Antitipation levels were high when it came to clapping eyes on the second feature by Finnish director Juho Kuosmanen. He had already wowed the audience at Cannes, winning the Un Certain Regard Prize in 2016 for his lovable tale of smalltown Finnish boxer – The Happiest Day in the Life of Olli Mäki. Then came his new one, Compartment No. 6, another charming comic period piece, this time taking us on an epic train journey and charting a relationship that blossoms in a number of strange and endearing ways. We spoke to Kuosmanen when he was in London in November of 2021 to present his new film at the London Film Festival.
LWLies: Was Compartment No. 6 filmed on a set, or was it an actual train? Both eventualities seem very difficult.
Kuosmanen: It’s an actual train. But filmmaking is always difficult – you’re always trying something that you’re not sure you can achieve. That’s why it’s so interesting. You can’t and you shouldn’t avoid difficulty. If you want to make things easy, it means that you don’t care. For me, it’s really important that it stays interesting. If I went to a studio I wouldn’t really know what to do, because the studio environment doesn’t give me any inspiration. But when I’m on a real location, I’m much more inspired, full of energy. I’m seeing things that I can use for the film. That’s why it’s obvious that we wanted to shoot on a real moving train rather than the studio with a green screen.
You can really tell. It’s one of those things that would have made it a totally different film.

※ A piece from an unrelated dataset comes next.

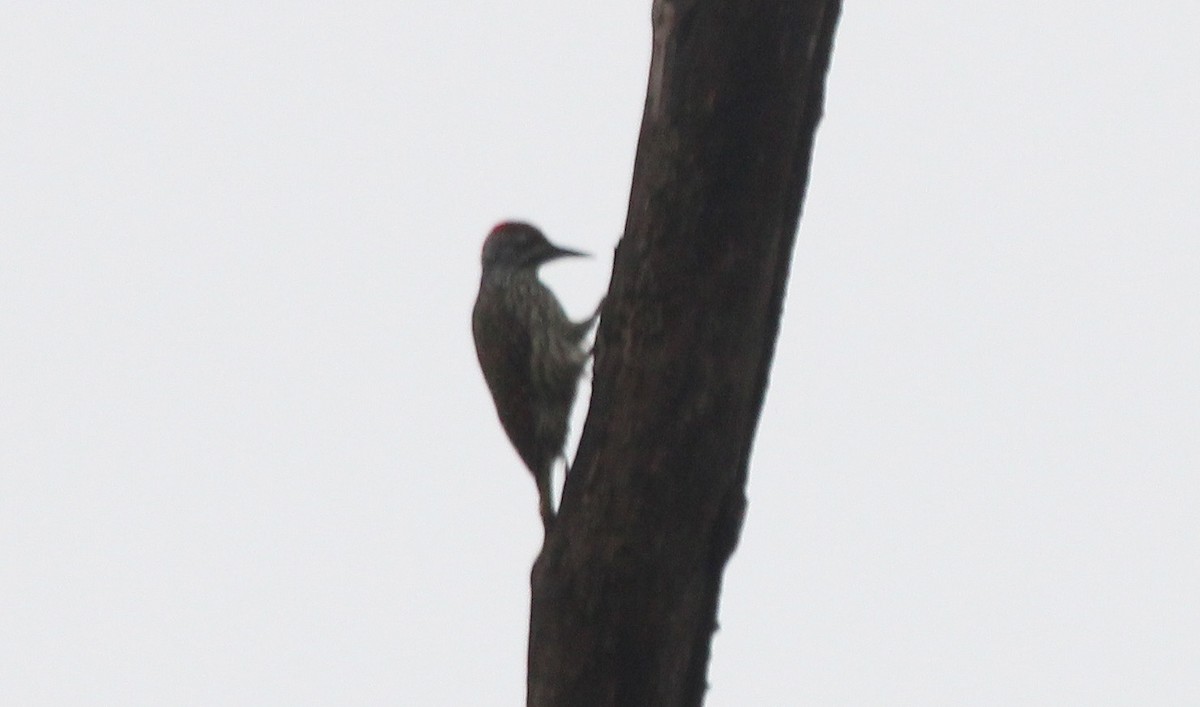 Golden-tailed Woodpecker - ML583889841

Totally. And I would have been a totally different director. And JP (cinematographer Jani-Petteri Passi) would have been a totally different cinematographer. Because it’s based on controlling things. And this is based on accepting reality and taking what it gives to you. The old woman they visit – it’s her own house, we found her when we did the location scouting. It’s so much nicer to go to a location, do some tuning but not really changing anything, because the reality is so much more interesting than any ideas that I might have. The night scenes are shot in a train hangar, because we had to stop moving. We had smoke and dust and fake snow and water outside and lights. The practical difficulties of shooting in a train were the lights, electricity, recording – we had to use hidden microphones because there’s no room for a boom. For me as the director the biggest challenge was that I couldn’t be next to the camera when we were shooting or rehearsing the scene.
Were you off the train?
No, I was compartment number seven. In number six there was JP, the camera assistant and the actors.